[Task data]:
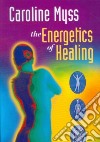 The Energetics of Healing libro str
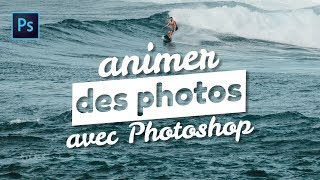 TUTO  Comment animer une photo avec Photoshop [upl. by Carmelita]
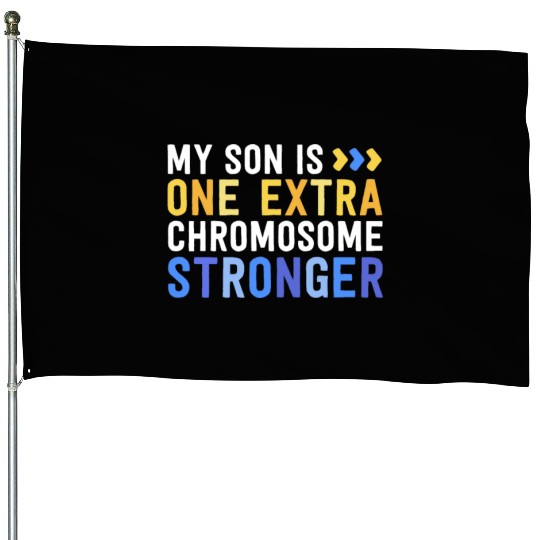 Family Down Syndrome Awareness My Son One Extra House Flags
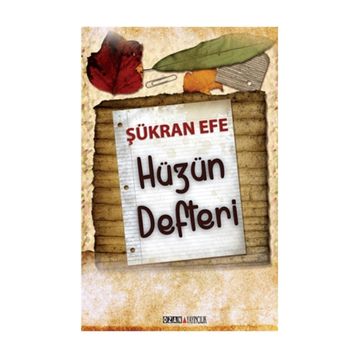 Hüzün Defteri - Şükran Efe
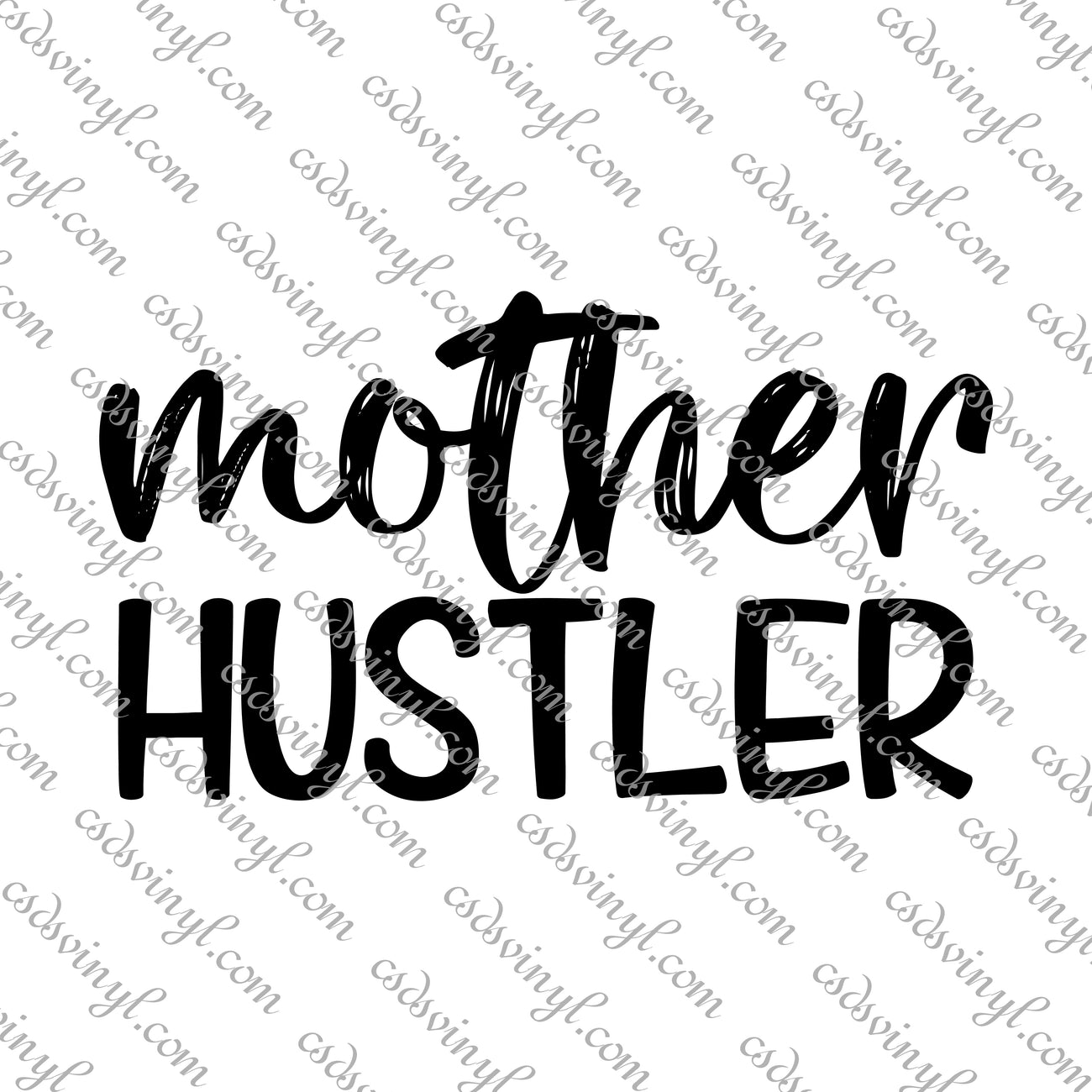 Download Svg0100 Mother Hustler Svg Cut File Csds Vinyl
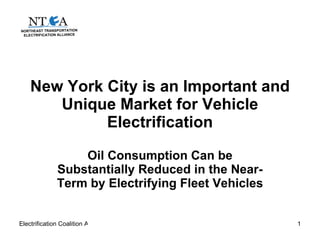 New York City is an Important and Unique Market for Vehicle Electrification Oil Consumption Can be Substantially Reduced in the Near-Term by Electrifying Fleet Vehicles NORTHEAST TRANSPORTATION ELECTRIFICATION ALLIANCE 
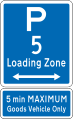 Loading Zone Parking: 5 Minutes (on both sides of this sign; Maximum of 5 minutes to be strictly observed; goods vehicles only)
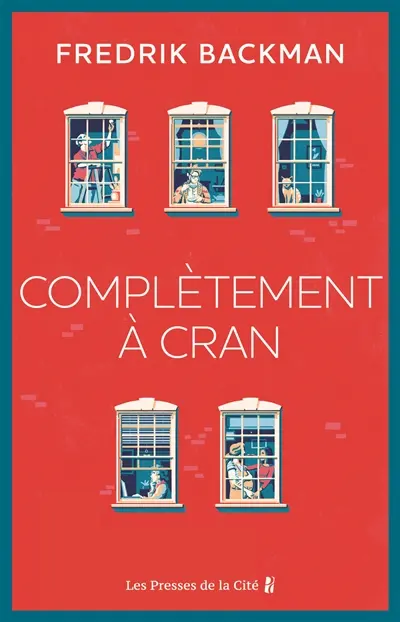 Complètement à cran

[Try it]: Starting at the first line of the material, output exactly the lines up to and including the one with "Download Svg0100 Mother". Do not include the pictures.

[Answer to this exercise]:
 The Energetics of Healing libro str
 TUTO  Comment animer une photo avec Photoshop [upl. by Carmelita]
 Family Down Syndrome Awareness My Son One Extra House Flags
 Hüzün Defteri - Şükran Efe
 Download Svg0100 Mother Hustler Svg Cut File Csds Vinyl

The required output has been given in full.